● TASK REQUIREMENTS: Starting at the line that has "Upholstered Platform Frame" and stopping after the line that has "Mchale's Navy Joins", reproduce the listing below exactly; omit everything else.

● DATA EXCERPTS:
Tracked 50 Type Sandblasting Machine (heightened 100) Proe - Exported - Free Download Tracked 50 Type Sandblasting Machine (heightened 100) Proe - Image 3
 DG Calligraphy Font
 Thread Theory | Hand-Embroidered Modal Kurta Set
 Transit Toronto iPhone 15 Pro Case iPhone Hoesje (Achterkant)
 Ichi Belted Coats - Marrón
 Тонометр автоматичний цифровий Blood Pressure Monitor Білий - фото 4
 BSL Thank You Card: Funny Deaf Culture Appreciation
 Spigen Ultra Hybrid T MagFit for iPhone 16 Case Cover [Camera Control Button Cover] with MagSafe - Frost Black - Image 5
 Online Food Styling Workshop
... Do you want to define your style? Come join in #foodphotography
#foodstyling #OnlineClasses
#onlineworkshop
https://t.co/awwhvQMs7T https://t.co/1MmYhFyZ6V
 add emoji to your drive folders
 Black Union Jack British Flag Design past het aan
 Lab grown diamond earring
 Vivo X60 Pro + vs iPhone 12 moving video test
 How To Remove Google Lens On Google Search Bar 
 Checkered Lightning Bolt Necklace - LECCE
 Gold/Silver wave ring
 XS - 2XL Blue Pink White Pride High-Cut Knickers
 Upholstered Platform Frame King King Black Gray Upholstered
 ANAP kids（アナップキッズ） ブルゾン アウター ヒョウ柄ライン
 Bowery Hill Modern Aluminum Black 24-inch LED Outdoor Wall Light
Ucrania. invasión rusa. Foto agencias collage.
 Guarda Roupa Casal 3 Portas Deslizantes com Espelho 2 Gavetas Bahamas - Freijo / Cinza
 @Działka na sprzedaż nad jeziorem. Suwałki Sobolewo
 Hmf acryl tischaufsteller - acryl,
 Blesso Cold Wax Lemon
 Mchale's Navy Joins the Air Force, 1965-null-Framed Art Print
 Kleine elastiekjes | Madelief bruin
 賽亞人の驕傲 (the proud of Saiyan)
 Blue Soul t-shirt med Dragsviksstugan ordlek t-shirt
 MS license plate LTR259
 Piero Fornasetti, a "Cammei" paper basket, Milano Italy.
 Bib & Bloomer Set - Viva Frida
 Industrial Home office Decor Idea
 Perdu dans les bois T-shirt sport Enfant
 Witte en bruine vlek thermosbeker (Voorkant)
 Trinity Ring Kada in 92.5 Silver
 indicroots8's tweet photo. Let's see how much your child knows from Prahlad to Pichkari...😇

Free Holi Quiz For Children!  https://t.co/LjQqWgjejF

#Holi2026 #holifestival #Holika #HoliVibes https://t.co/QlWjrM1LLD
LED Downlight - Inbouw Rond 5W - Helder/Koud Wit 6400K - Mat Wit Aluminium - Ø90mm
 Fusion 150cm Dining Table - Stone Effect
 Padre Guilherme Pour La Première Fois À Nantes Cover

● RESPONSE BOX:
 Upholstered Platform Frame King King Black Gray Upholstered
 ANAP kids（アナップキッズ） ブルゾン アウター ヒョウ柄ライン
 Bowery Hill Modern Aluminum Black 24-inch LED Outdoor Wall Light
Ucrania. invasión rusa. Foto agencias collage.
 Guarda Roupa Casal 3 Portas Deslizantes com Espelho 2 Gavetas Bahamas - Freijo / Cinza
 @Działka na sprzedaż nad jeziorem. Suwałki Sobolewo
 Hmf acryl tischaufsteller - acryl,
 Blesso Cold Wax Lemon
 Mchale's Navy Joins the Air Force, 1965-null-Framed Art Print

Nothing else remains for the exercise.